(EXERCISE DATA begins)

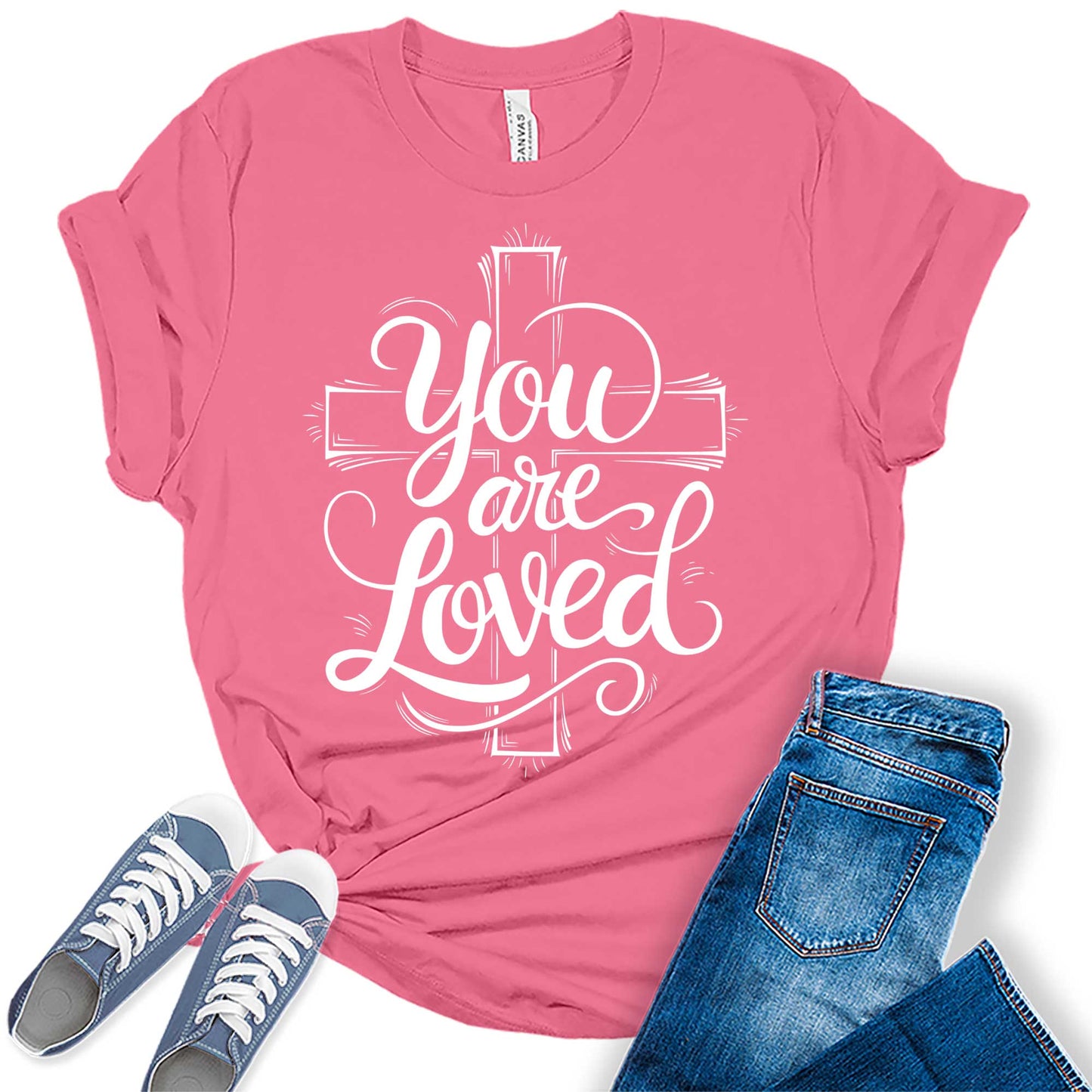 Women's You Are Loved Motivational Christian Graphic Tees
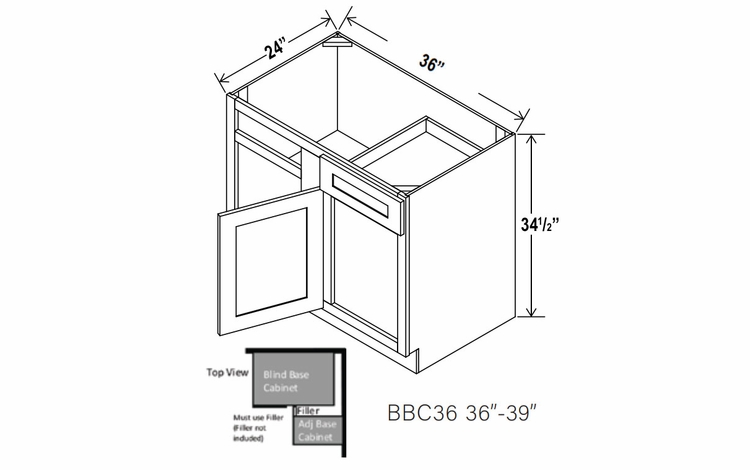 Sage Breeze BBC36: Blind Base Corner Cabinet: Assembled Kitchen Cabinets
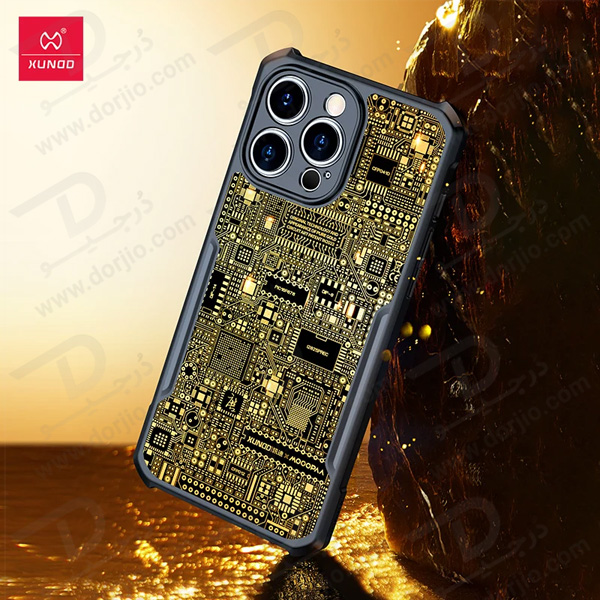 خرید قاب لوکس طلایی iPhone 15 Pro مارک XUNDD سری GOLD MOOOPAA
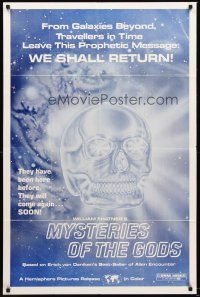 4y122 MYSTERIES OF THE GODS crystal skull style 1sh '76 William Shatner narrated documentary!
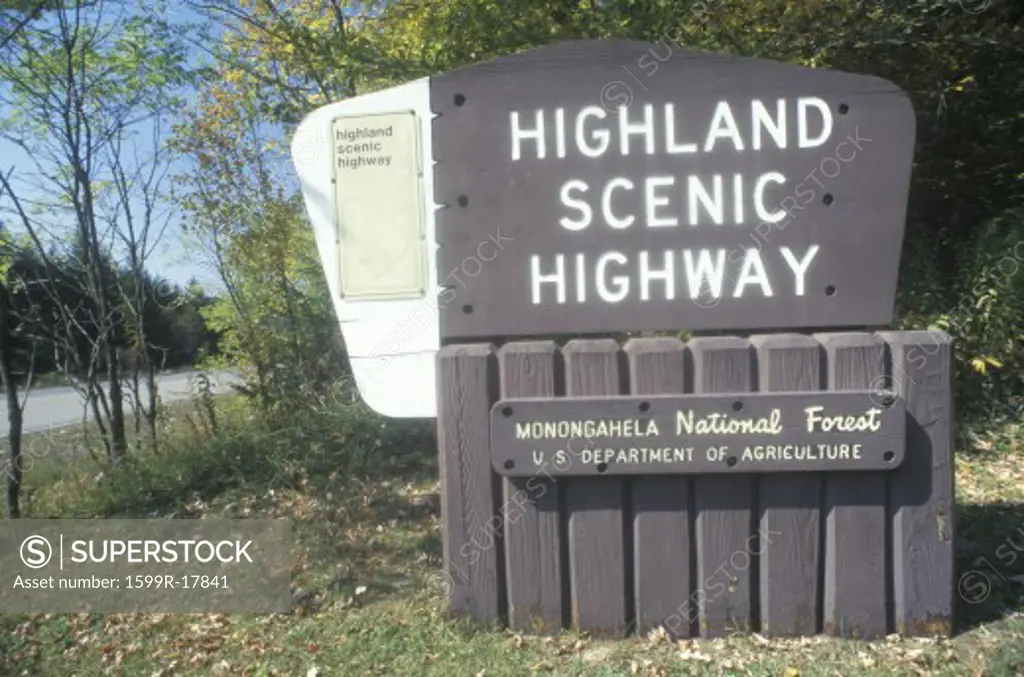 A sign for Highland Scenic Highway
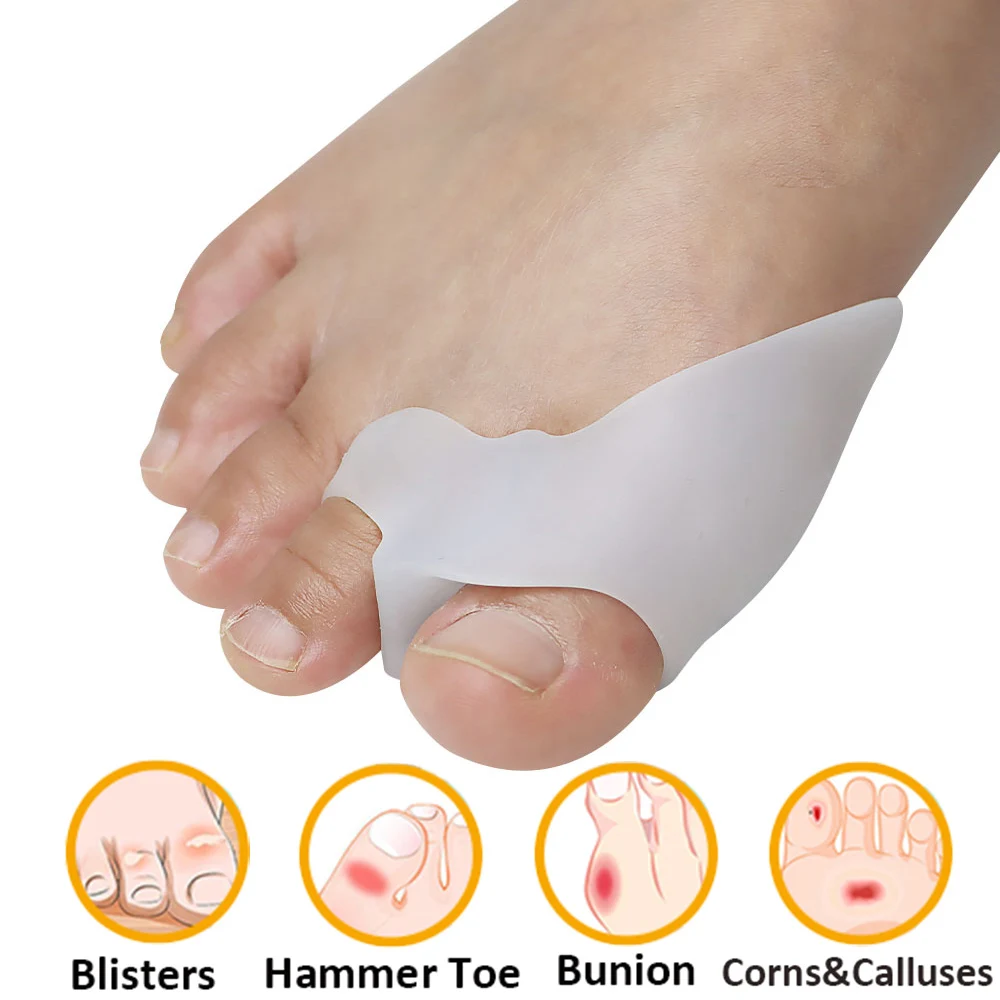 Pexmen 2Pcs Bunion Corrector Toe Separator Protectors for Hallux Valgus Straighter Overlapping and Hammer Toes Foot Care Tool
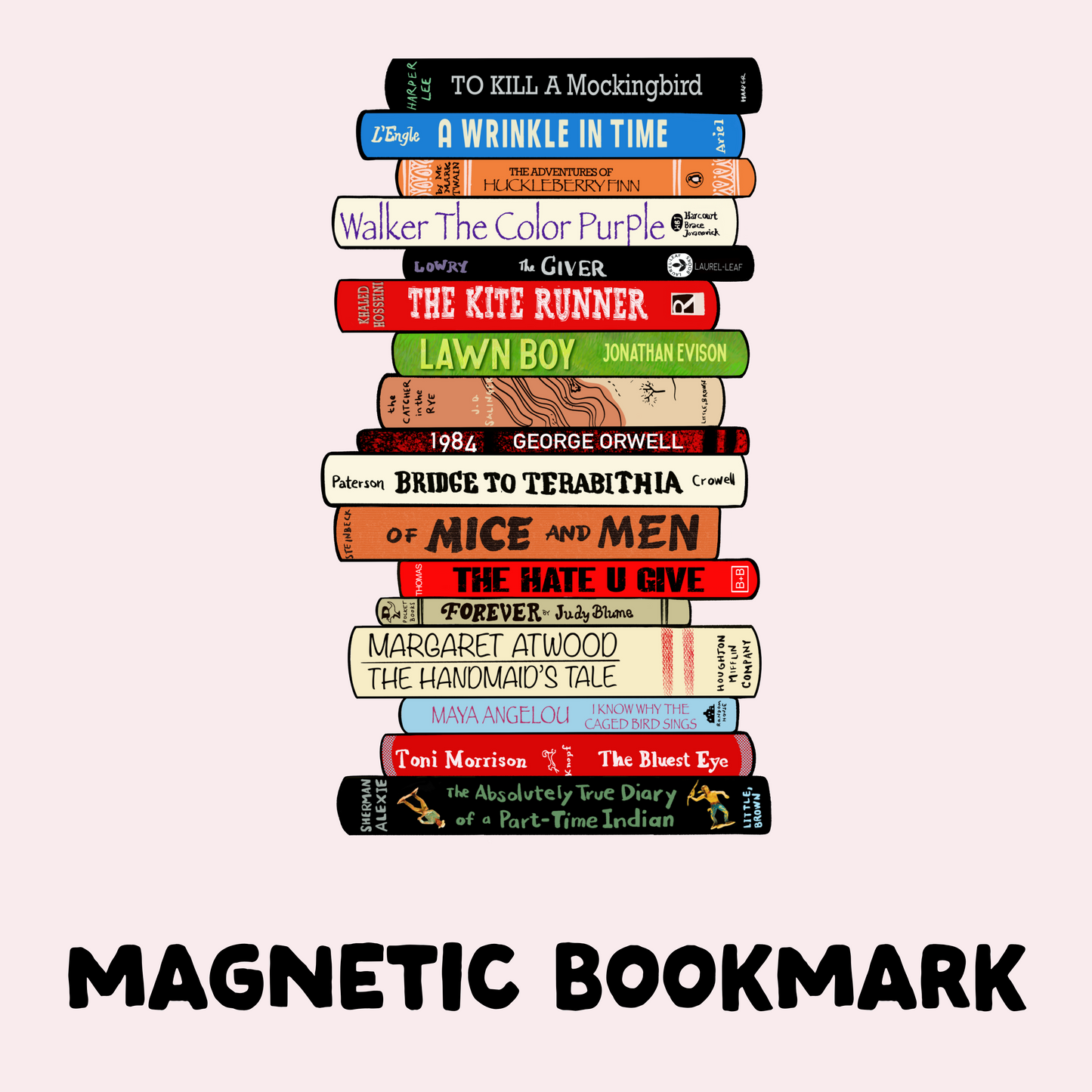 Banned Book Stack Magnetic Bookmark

(EXERCISE DATA ends)

Find the line with "A sign for Highland Scenic Highway" in the listing and extract it and all lines after it through the end, exactly, without the pictures.

 A sign for Highland Scenic Highway
 Pexmen 2Pcs Bunion Corrector Toe Separator Protectors for Hallux Valgus Straighter Overlapping and Hammer Toes Foot Care Tool
 Banned Book Stack Magnetic Bookmark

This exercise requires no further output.